Would you repeat the whole listing exactly, pictures excluded?

# Dataset excerpt:
——

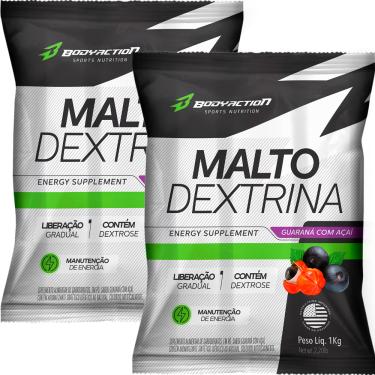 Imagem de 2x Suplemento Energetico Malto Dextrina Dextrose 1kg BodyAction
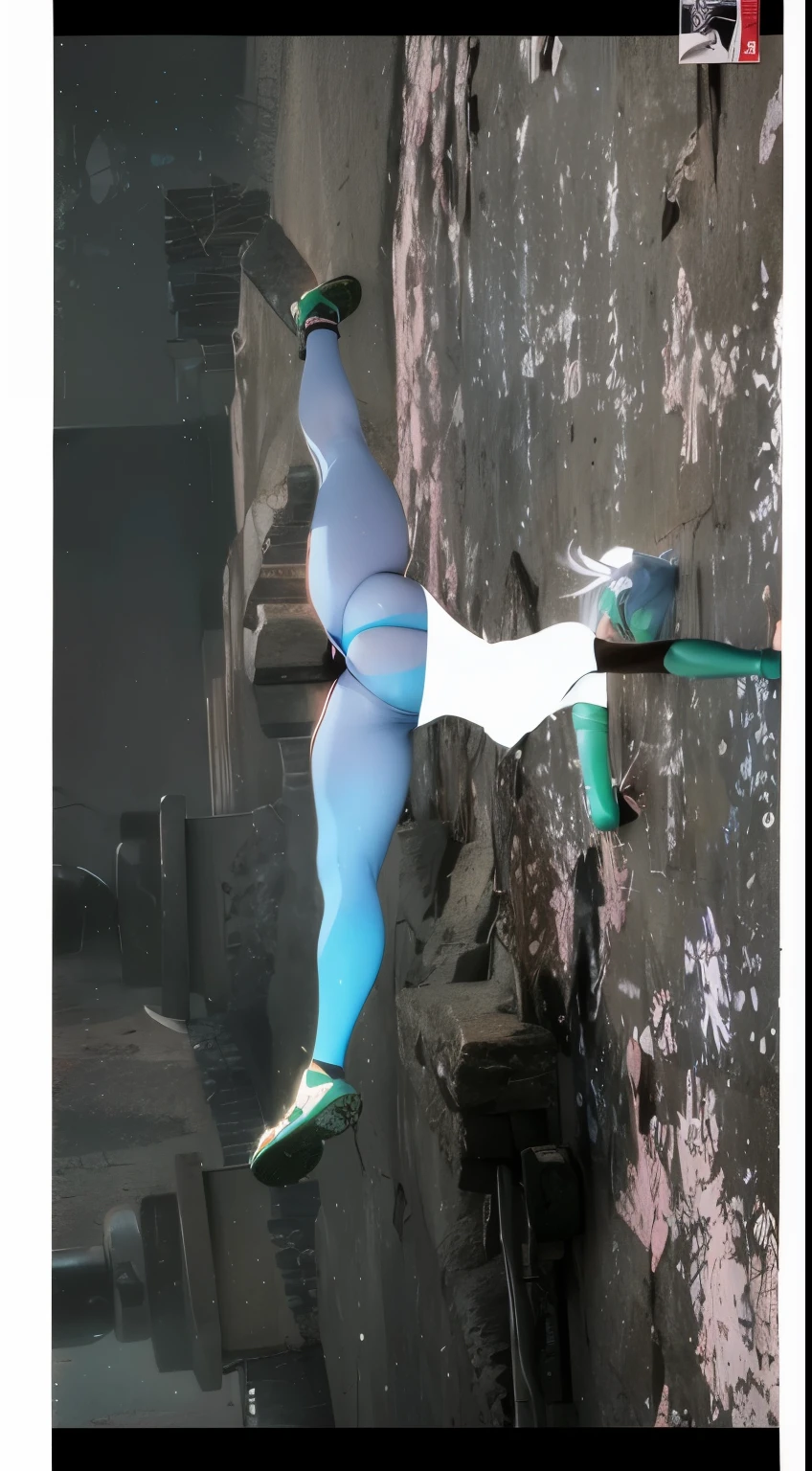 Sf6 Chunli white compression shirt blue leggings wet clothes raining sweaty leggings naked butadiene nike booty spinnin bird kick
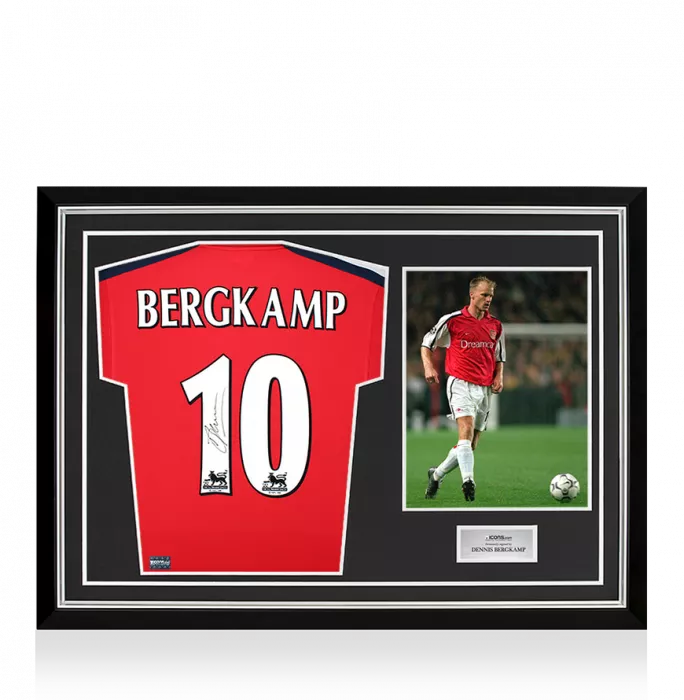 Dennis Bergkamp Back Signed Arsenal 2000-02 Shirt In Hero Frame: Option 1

——

# Task output:
 Imagem de 2x Suplemento Energetico Malto Dextrina Dextrose 1kg BodyAction
 Sf6 Chunli white compression shirt blue leggings wet clothes raining sweaty leggings naked butadiene nike booty spinnin bird kick
 Dennis Bergkamp Back Signed Arsenal 2000-02 Shirt In Hero Frame: Option 1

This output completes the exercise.